Transcribe each record precisely; images stay out.
--- Source data Enclosed Below ---
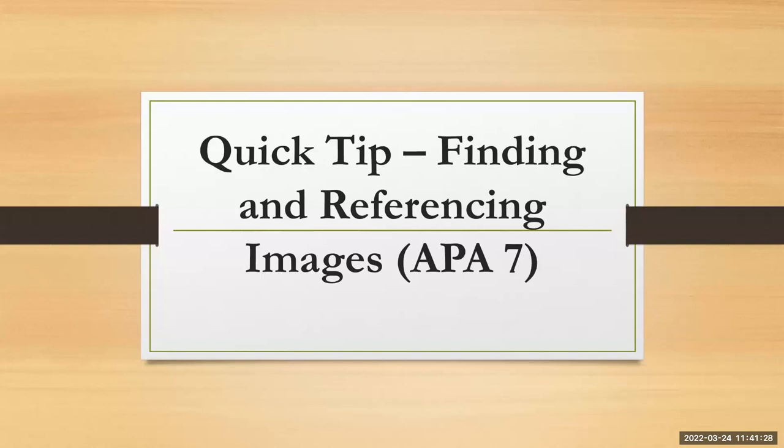Hi everybody, my name is Annette. I am a librarian here at JCU and today I wanted to give you a quick video on how to find and reference images using APA 7th.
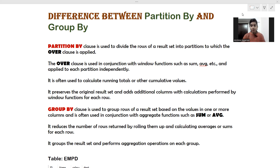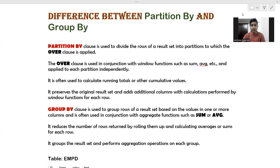Now, what is partition by? Partition by does the same thing — it aggregates the number of rows present inside the result set, but it preserves the original result set. If we have 15 tuples present inside the table, then with the help of partition by we are able to include additional columns inside the table but the number of rows remains the same. Partition by preserves the original data set and is basically used to calculate running totals or cumulative values.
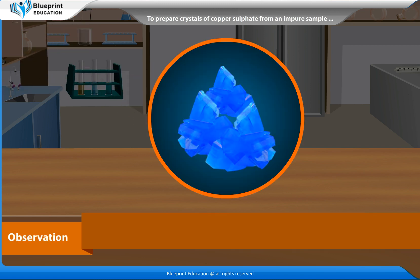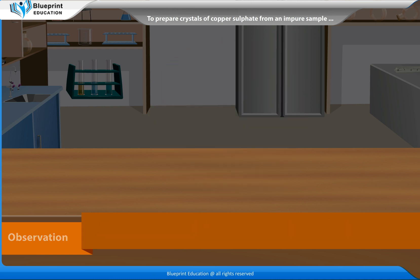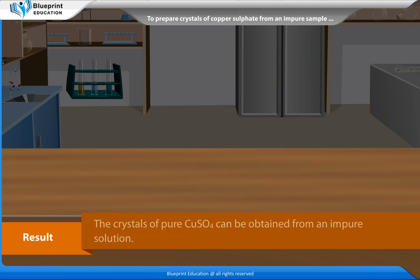Observation: Blue-colored crystals of copper sulphate are formed. Result: The crystals of pure copper sulphate can be obtained from an impure solution.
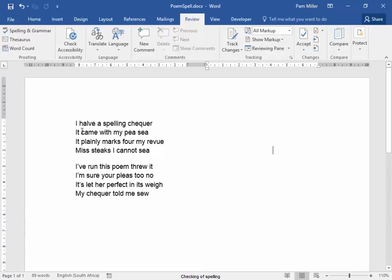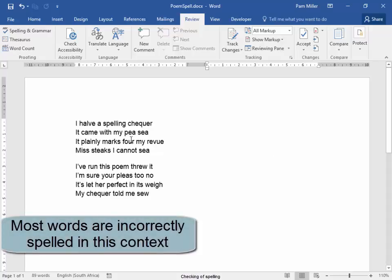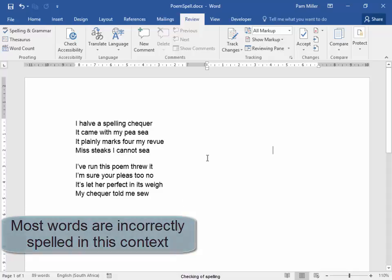I have a spelling checker. It came with my PC. P, the vegetable. C, what you swim in. It plainly marks for my review. Miss, woman. Stakes, meat. I cannot see you swimming. No, this doesn't make sense.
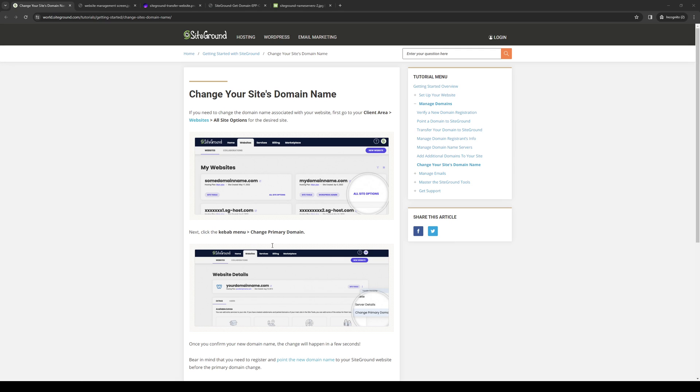How's it going everyone and welcome back to the channel. In today's video I'll be teaching you guys how to change your primary domain as well as your DNS and nameservers inside SiteGround. So without further ado, let's dive right in.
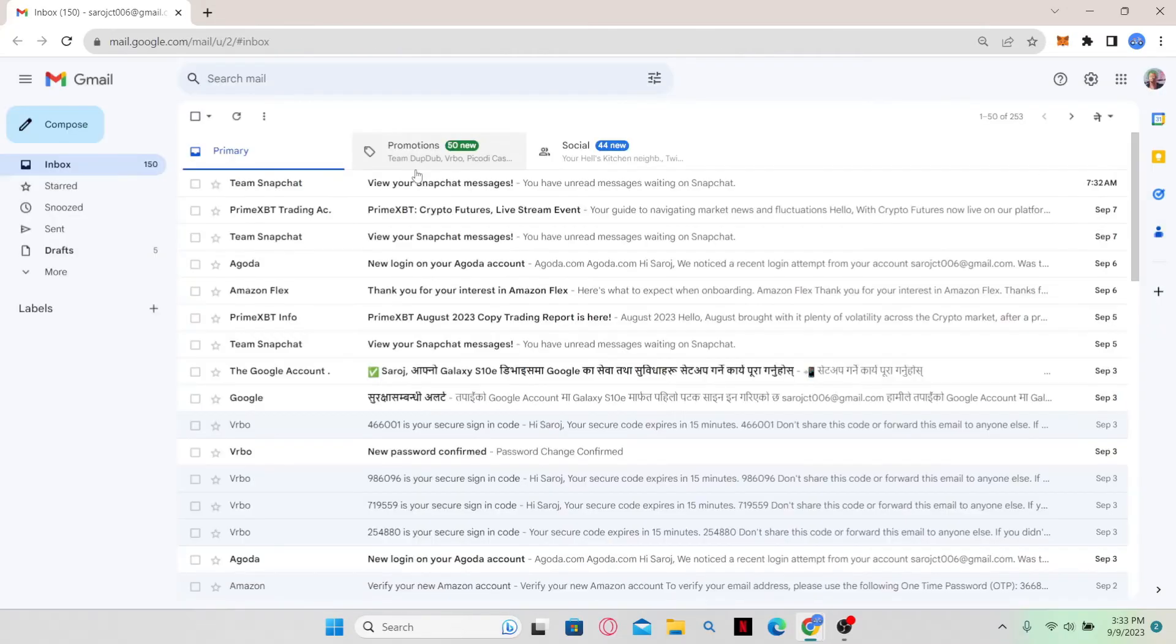And once you send your email, you will receive a reply from Amazon Flex. Within this email, you will find instructions to follow that would allow you to terminate your account.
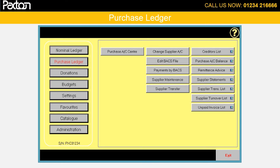Comprehensive purchase ledger facilities are an integral part of the package. This is the purchase ledger menu. Purchase invoices, payments and credit notes are entered via the purchase account centre, which is the hub for transaction entry and status enquiry. Other menu selections are for the maintenance and report programmes.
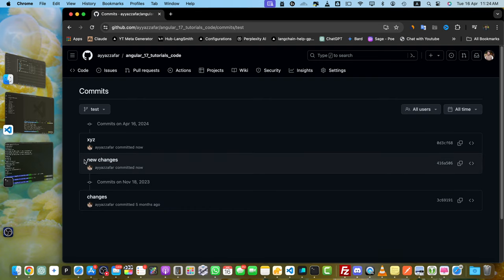Changing commits that are already pushed to GitHub can cause issues if others are working on the same branch. So if it's a shared project, communicate the changes first.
--- End of Enclosed Source data ---
Task response
Hi everybody, my name is Annette. I am a librarian here at JCU and today I wanted to give you a quick video on how to find and reference images using APA 7th.
Now, what is partition by? Partition by does the same thing — it aggregates the number of rows present inside the result set, but it preserves the original result set. If we have 15 tuples present inside the table, then with the help of partition by we are able to include additional columns inside the table but the number of rows remains the same. Partition by preserves the original data set and is basically used to calculate running totals or cumulative values.
Observation: Blue-colored crystals of copper sulphate are formed. Result: The crystals of pure copper sulphate can be obtained from an impure solution.
I have a spelling checker. It came with my PC. P, the vegetable. C, what you swim in. It plainly marks for my review. Miss, woman. Stakes, meat. I cannot see you swimming. No, this doesn't make sense.
How's it going everyone and welcome back to the channel. In today's video I'll be teaching you guys how to change your primary domain as well as your DNS and nameservers inside SiteGround. So without further ado, let's dive right in.
And once you send your email, you will receive a reply from Amazon Flex. Within this email, you will find instructions to follow that would allow you to terminate your account.
Comprehensive purchase ledger facilities are an integral part of the package. This is the purchase ledger menu. Purchase invoices, payments and credit notes are entered via the purchase account centre, which is the hub for transaction entry and status enquiry. Other menu selections are for the maintenance and report programmes.
Changing commits that are already pushed to GitHub can cause issues if others are working on the same branch. So if it's a shared project, communicate the changes first.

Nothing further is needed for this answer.